Louisiana Tech, which lost its season opener at Texas, had won eight straight games and was atop Conference USA's West Division. Marshall, leading Conference USA's East Division, went from a two-point home favorite earlier in the week to 4¹/₂-point favorites by early Thursday morning when VSiN host Pauly Howard first reported on the "Follow the Money" program that a "trusted source" had told him on Wednesday that several Louisiana Tech players would be suspended, including quarterback J'mar Smith, who has completed 65 percent of his passes for 2,483 yards with 14 touchdown passes and just four interceptions.
The problem is that the Louisiana Tech athletic department did not announce the suspensions until Thursday night, so the questions for investigators are: Why didn't the school make the news public earlier? Who knew about the suspensions? Did school administrators (or people they told) place any wagers with that inside information?
Westgate SuperBook director John Murray said on Brent Musburger's "My Guys in the Desert" program on VSiN that sharp bettors were wagering on Marshall against the spread and on the money line (to win straight up) early in the week. Co-host Vinny Magliulo said the same thing happened at the South Point sportsbook. An added wrinkle is that since the Supreme Court overturned PASPA in 2017, legal sports betting is no longer restricted to just the state of Nevada, and there are sportsbooks in Louisiana's neighboring state of Mississippi.
Murray said Westgate adjusted the line to Marshall -7 after the suspensions were announced. Magliulo said the South Point went to -6¹/₂ and the line closed -6.
Integrity has been a hot topic since legalization, especially as the leagues have been trying to collect "integrity fees" out of sportsbooks' handles. The books have countered that they've been unpaid watchdogs for the leagues for years, including reporting suspicious betting activity that has exposed game fixes -- most notably the Arizona State men's basketball scandal of 1994.

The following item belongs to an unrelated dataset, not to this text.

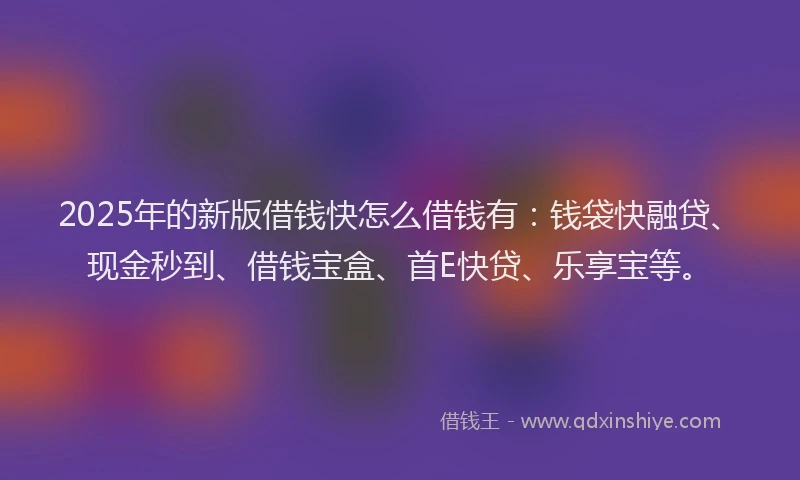 2025年的新版借钱快怎么借钱有：钱袋快融贷、现金秒到、借钱宝盒、首E快贷、乐享宝等。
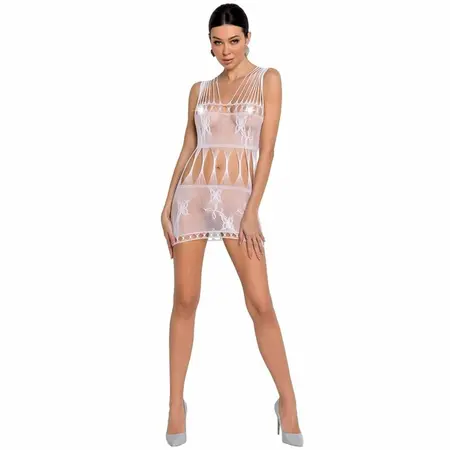 Passion BS090 Bela Mrežasta Bodystocking Mini Haljina One Size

The NCAA came under fire last year because of end-of-game baskets that weren't reviewed, and the NFL had a similar issue last week with the 49ers' touchdown on the Cardinals' desperate lateral play at the end of their game. The NBA is also dealing with how to handle announcements of players missing games due to "load management."
As for the Louisiana Tech situation, Magliulo said: "I think the NCAA could do well from the NFL policy of being more transparent. Integrity is at the forefront of what they want as an institution -- the NCAA and the professional leagues -- it's also at the forefront of what we want. To have the fullest level of integrity, you have to have transparency."
Matthew Holt, president of a sports-betting consulting firm U.S. Integrity, was on Musburger's program Wednesday.
"Part of the problem in the collegiate community is that there hasn't been a policy change from the NCAA since the 2003 'Don't Bet On It' campaign," Holt said. "Think of sports betting in the United States in 2003 and sports betting in the United States in 2019. Those are very different landscapes."
Holt said education and awareness are important to make sure players, coaches and anyone involved with teams deal properly with information such as injuries, suspensions, etc. " 'Don't Bet On It' said, 'Hey, we're oblivious to it' and we need to reform the policy and procedures," Holt said.
"Betting on these games is not going to go away," Musburger said "When there's a suspension, just announce it. So be it."